Why LNG is crucial for India’s energy needs
Liquefied natural gas is a very important part of the energy mix in India. It is a major source of energy for electricity production, industrial processes and manufacturing of chemicals, fertilisers, and paper, among others.
LNG is increasingly being used as a clean and environmentally friendly alternative for heavy transportation and sea routes.
India generates approximately 2900-3000 million metric standard cubic meters of gas per month from offshore fields off Mumbai and the Krishna-Godavari Basin. This domestic production accounts for half of the total gas consumption, while the rest is supplied through imports from Gulf nations and the USA.
Analysts have indicated that diversification of sources will help India avoid any geopolitical tensions that may arise due to a single source of energy import.
Strategic energy cooperation between India and Canada
Earlier in 2026, India and Canada signed a joint statement to strengthen cooperation in the energy sector.

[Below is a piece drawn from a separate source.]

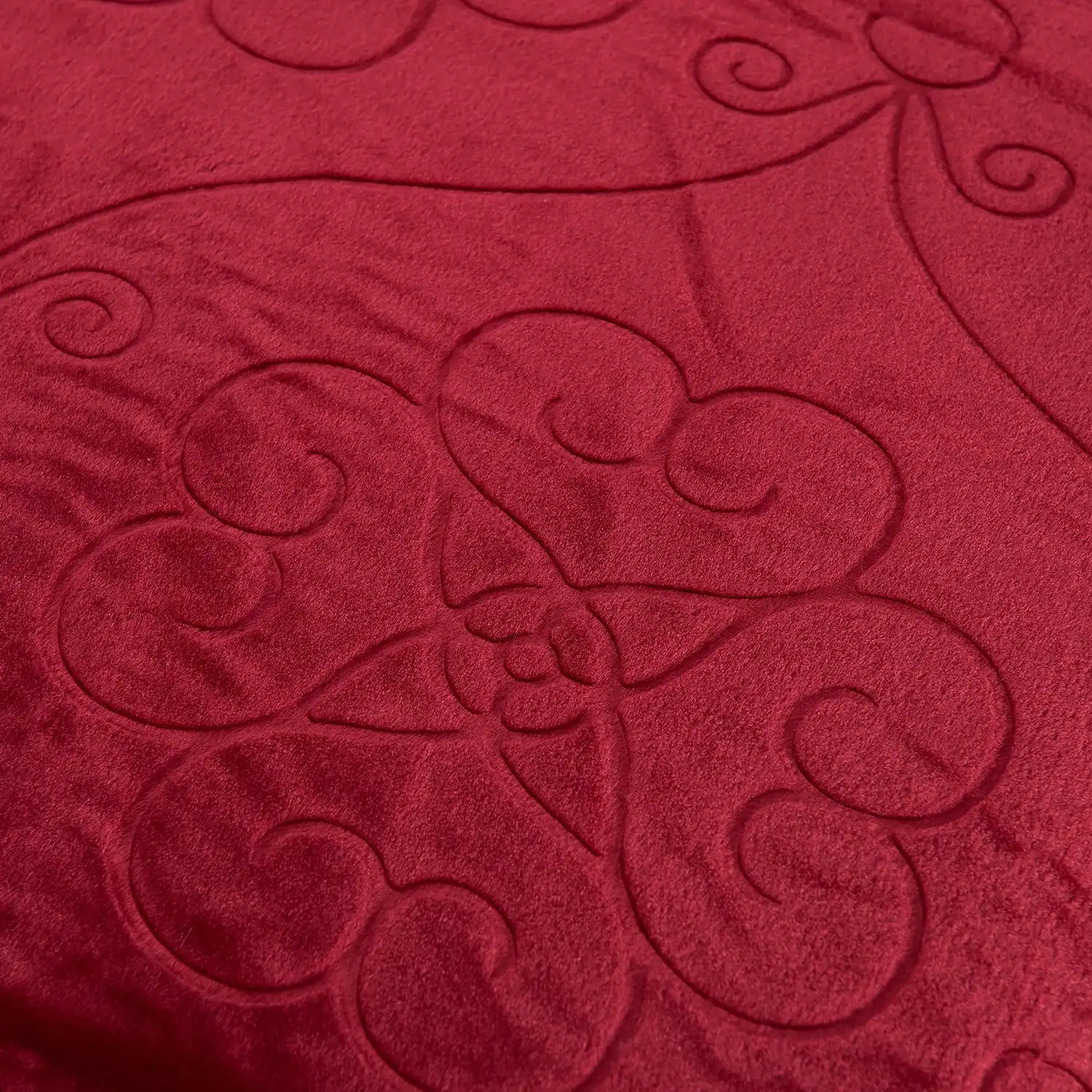 

3.3 lb Lightweight Embossed Plush Fleece Bed Blanket, Red, Full/Queen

Experts say LNG imports from Canada could help India bypass the Strait of Hormuz, a critical chokepoint through which a large portion of global oil and gas shipments pass. Avoiding this route would reduce the risks associated with regional conflicts and provide greater stability to India’s energy supply.
Canada is also planning to expand its LNG production capacity to 50 million tonnes per year by 2030, which could open opportunities for long-term supply agreements with countries such as India.
Such agreements typically offer more predictable pricing and supply security compared with the global spot market. In addition to LNG exports, Canada has also pledged to supply $2.6 billion worth of nuclear fuel for Indian reactors between 2027 and 2035 as part of a broader $5.5 billion energy partnership, according to officials familiar with the plan.